→ **Task statement**
Leave every picture out, then reproduce the rest of the listing exactly.
━━━ Given material ━━━
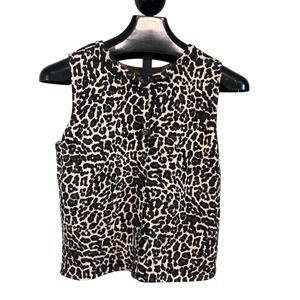 Willow + Root Cheetah Print Reversible Sweater Vest Small NWT CWR25020 Tan Black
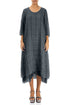 Layered Graphite Textured Light Silk Dress 1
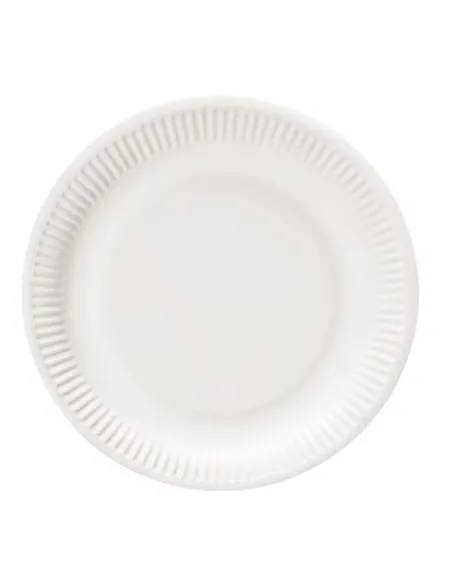 Plato biodegradable cartón blanco ø 23 cm 100 unds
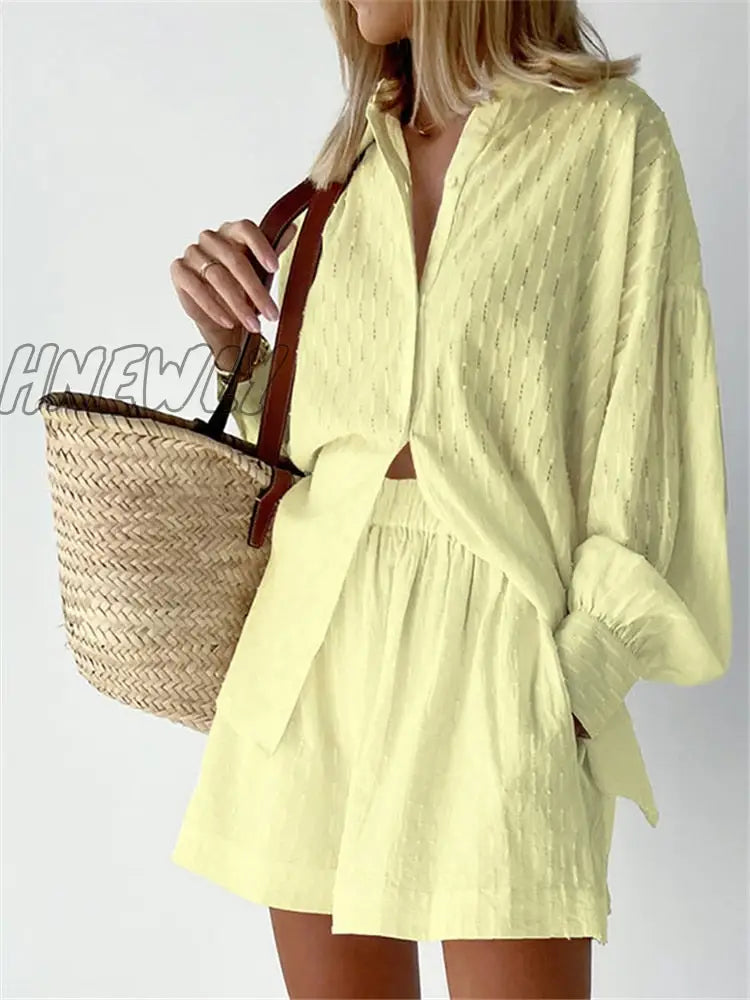 Hnewly Cotton Women’s Summer Suit Oversized Top Shirts And Shorts Two-Piece Sets Outfits White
━━━
→ **Solved exercise**
 Willow + Root Cheetah Print Reversible Sweater Vest Small NWT CWR25020 Tan Black
 Layered Graphite Textured Light Silk Dress 1
 Plato biodegradable cartón blanco ø 23 cm 100 unds
 Hnewly Cotton Women’s Summer Suit Oversized Top Shirts And Shorts Two-Piece Sets Outfits White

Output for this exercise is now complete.